1 can of chickpeas (grams) or 1 ½ cups of cooked chickpeas
¼ cup of lemon juice (1-2 large lemons)
¼ cup tahini
1 garlic clove
1 tbsp of extra virgin olive oil
Fine sea salt to taste
1-2 tbsp of Rose Harissa to taste
2-3 tbsp of ice water, as needed
Garnish with: olive oil, dash of paprika or sumac, chopped parsley, or whole chickpeas
1. Place tahini, lemon juice, garlic and salt in a food processor or blender, and combine for 1 minute. Scrape down the sides and with a spatula and blend for another 30 seconds to help “cream” the tahini and keep the hummus smooth.
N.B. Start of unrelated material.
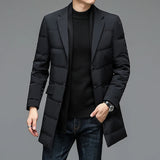Men's Quality Down Winter Warm Jacket - Black - 1 / Long / Down Dress Jacket - 4XL (EUR XL) - Polyester/Down - image 5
2. Add half of the cooked or drained chickpeas and process for 1-2 minutes. While it is blending, drizzle in the oil. Scrape the sides of the food processor, then add remaining chickpeas and 1-2 tbsp Rose Harissa. Process until thick and smooth.
3. If the hummus is too thick, slowly add 2-3 tablespoons of ice water until you reach the desired consistency.
4. Taste and adjust with salt or lemon juice as needed.
5. Serve with your garnishes of choice. Hummus keeps well in the fridge in an airtight container for up to one week.